Britain's Prince Harry said that on January 5, he warned Twitter chief executive Jack Dorsey that his platform was allowing a coup to be staged against the US a day later.
Harry continued his feud with the media in an appearance on a panel discussing misinformation, and said the problem pre-dated social media.
“I learnt from a very early age that the incentives of publishing are not necessarily aligned with the incentives of truth,” the Duke of Sussex said.
Asked if he has spoken to Facebook founder Mark Zuckerberg or Mr Dorsey, Harry said he warned the Twitter chief that his website was enabling a coup on the eve of the January 6 riots at the US Capitol.
“Jack and I were emailing each other prior to January 6 when I warned him his platform was allowing a coup to be staged. That email was sent the day before," he said.
“And then it happened and I haven’t heard from him since.”
Supporters of former US president Donald Trump stormed the US Capitol building in Washington DC over claims that the election he lost was rigged.
The role social media giants played in enabling the attack is being investigated.
Twitter has been contacted for comment.
Harry, 37, who was listed as the co-founder of Archewell at the Re:Wired summit, works at the Aspen Institute think tank and looks into misinformation and disinformation in the media.
The prince, who lives in Southern California with Meghan and the couple’s two children, said the internet was “being defined by hate, division and lies”.
“That can’t be right, especially for anyone who has children,” Harry told the panel. “We’re allowing this future to be defined by the very here and now; by exactly that which is greed and profit and growth.
“I would hope as human beings, as individuals with the ability of choice and decision-making, they would worry more about people now, the safety of people, but also what this means for the internet, a free internet, but also what it means for the next generation and the generation after that and that and that and that.”
In his latest broadside at the British press, Harry invoked the memory of his mother, Diana, Princess of Wales, and again said his wife, the Duchess of Sussex, was receiving similar treatment.
“They don’t report the news, they create it, and they’ve successfully turned fact-based news into opinion-based gossip with devastating consequences for the country," he said.
“So I know the story all too well. I lost my mother to this self-manufactured rabidness and obviously I’m determined not to lose the mother to my children to the same thing.”
Harry nodded to comments he made in a mental health series in which he appeared this year, where he said: “They won’t stop until she’s [Meghan's] dead."
“It was more of a warning, not a challenge,” he told the panel.
Harry said “the scale of misinformation now is terrifying” and warned that families were being “destroyed” by the problem.

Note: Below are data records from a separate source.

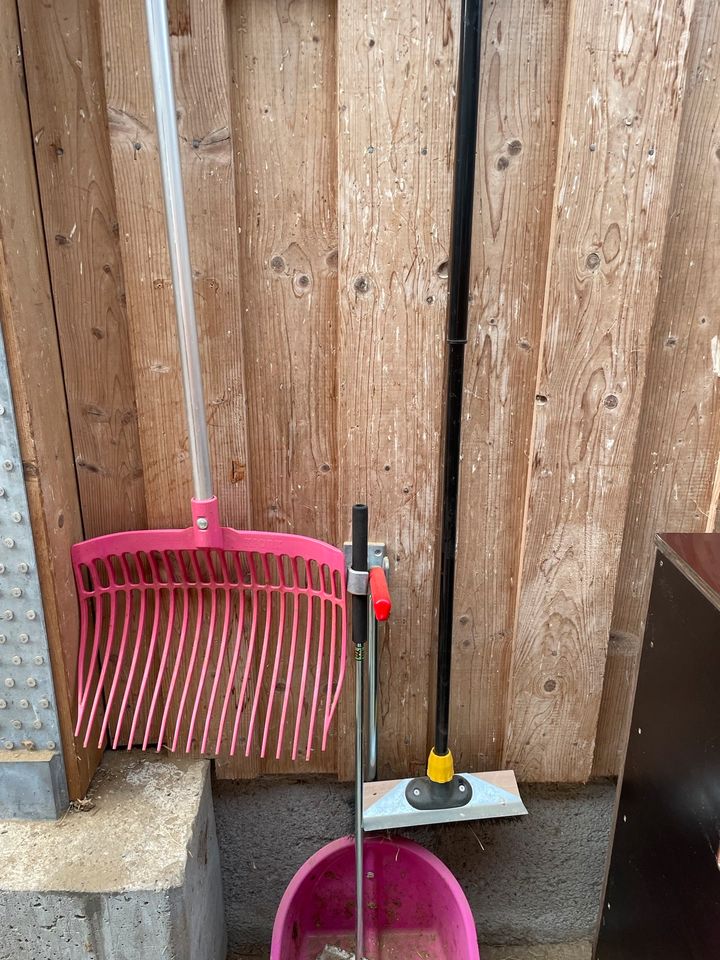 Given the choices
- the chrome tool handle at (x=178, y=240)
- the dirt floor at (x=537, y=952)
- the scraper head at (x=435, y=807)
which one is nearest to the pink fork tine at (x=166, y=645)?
the chrome tool handle at (x=178, y=240)

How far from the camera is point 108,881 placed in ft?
4.06

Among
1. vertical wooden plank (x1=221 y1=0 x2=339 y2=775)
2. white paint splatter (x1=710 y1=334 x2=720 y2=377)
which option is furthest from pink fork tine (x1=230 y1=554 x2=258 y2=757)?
white paint splatter (x1=710 y1=334 x2=720 y2=377)

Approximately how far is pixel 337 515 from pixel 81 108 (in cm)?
84

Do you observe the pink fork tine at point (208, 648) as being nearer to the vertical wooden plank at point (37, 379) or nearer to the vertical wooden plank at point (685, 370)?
the vertical wooden plank at point (37, 379)

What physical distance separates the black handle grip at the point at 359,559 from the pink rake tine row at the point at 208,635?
0.33 ft

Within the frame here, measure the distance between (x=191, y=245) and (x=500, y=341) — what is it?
580mm

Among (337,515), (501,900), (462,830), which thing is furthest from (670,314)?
(501,900)

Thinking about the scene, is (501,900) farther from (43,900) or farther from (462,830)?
(43,900)

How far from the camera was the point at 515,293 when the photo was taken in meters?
1.27

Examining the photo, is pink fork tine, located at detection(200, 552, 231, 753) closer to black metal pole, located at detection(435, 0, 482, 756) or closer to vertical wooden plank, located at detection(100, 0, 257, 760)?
vertical wooden plank, located at detection(100, 0, 257, 760)

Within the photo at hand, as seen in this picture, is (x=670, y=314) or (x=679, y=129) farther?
Result: (x=670, y=314)

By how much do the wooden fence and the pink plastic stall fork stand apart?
87 mm

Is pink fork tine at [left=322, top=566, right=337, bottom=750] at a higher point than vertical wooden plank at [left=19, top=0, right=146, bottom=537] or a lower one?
lower

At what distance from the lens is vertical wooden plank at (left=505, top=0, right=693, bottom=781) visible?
114cm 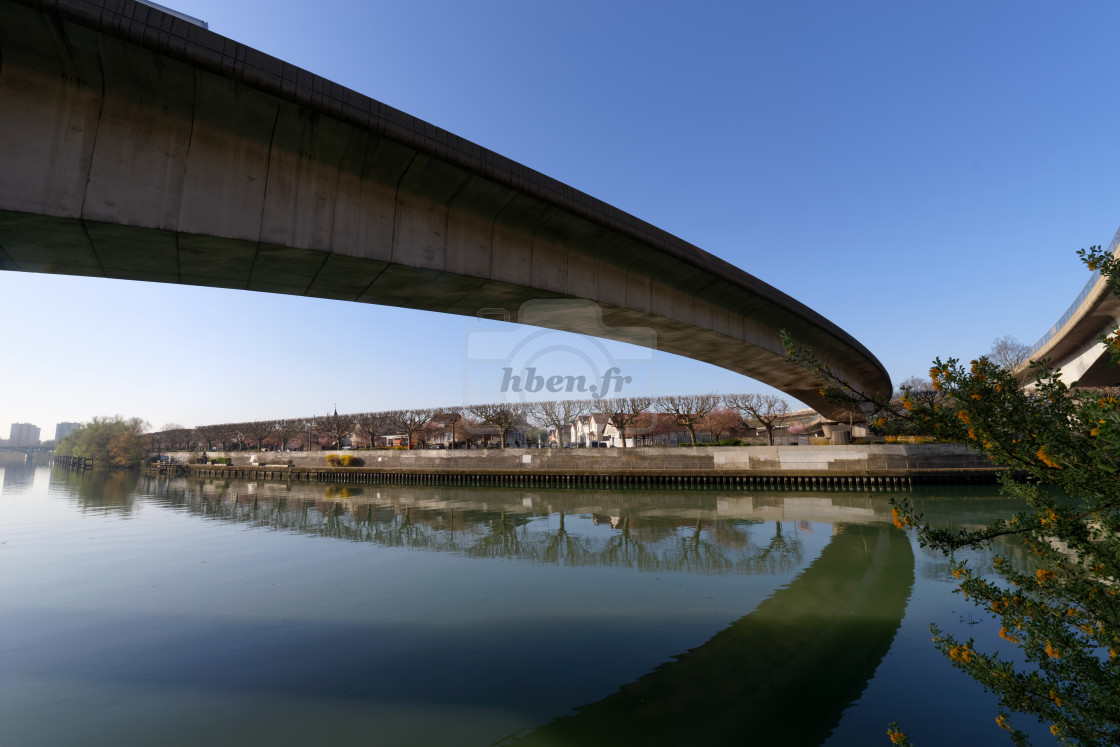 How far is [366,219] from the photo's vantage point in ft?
23.2

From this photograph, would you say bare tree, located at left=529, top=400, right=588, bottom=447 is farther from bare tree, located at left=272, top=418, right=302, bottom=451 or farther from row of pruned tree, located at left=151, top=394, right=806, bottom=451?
bare tree, located at left=272, top=418, right=302, bottom=451

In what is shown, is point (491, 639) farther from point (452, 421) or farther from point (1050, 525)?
point (452, 421)

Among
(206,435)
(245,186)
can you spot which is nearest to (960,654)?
(245,186)

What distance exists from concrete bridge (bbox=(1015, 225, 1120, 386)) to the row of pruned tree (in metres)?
21.7

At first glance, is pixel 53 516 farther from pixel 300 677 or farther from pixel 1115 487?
pixel 1115 487

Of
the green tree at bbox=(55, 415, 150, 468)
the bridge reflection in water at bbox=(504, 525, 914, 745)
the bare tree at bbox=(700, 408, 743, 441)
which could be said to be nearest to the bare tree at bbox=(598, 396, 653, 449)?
the bare tree at bbox=(700, 408, 743, 441)

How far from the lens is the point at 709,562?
1360 cm

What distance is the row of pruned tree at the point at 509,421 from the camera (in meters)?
53.4

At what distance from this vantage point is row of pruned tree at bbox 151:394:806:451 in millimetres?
53438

Asked if users should delete their social media accounts, Harry said he and Meghan were not on any platforms and would not return until changes were made.
He said it “simply isn’t true” that the challenge of misinformation “is too big to fix, it’s too big to solve”.
Harry said he and his wife were the targets of a small group of accounts.
“More than 70 per cent of the hate speech about my wife on Twitter could be traced to fewer than 50 accounts,” he said.
Megxit – a word used to described the couple’s departure from royal duties – is a “misogynistic term” that was created by an online troll before it entered mainstream use, Harry said.
Asked about “censorship” and the balance between free speech and possibly harmful content on social media, Harry said: “The free speech argument is somewhat a distraction from the main problem.
“As we’ve already established, this isn’t just a social media problem, it’s a media problem. I’ve grown up learning that news should be sacred ground.”
Harry said it did not take Succession’s fictional media mogul Logan Roy or media magnate Rupert Murdoch to “understand that clickbait is the descendant of targeted advertising”.
He warned in many cases “the truth is paywalled but the lies are free”.
Harry said that while a lie on social media was dangerous, “when that same lie is given credibility by journalists or publishers, it’s unethical and as far as I’m concerned an abuse of power”.
He asked who was holding the media to account.
“It’s kind of become a bit of a digital dictatorship," Harry said.
He suggested the solution could be to invest in and support “honest journalists” who “respect and uphold the values of journalism, not the pirates with the press cards who have hijacked the most powerful industry, the freest industry in the world”.
“Real journalists” have the power to “tackle racism, misogyny, lies, all of it” from “within their own system”, Harry said.
He said he would like to see journalists investigate their “unethical, immoral and dishonest” colleagues.
“We can fix this, we have to fix this, but we need everyone’s help,” Harry said.
The royal said it would be “impossible” to get users to quit social media platforms “given how addictive they are”.
“But it’s about being aware enough to be able to protect yourself from the harms and know when you are being used,” Harry said.
He was joined on the panel by Stanford Internet Observatory technical research manager Renee DiResta and Aspen Commission on Information Disorder co-chair and Colour of Change president Rashad Robinson, for a talk with Wired editor at large Steven Levy.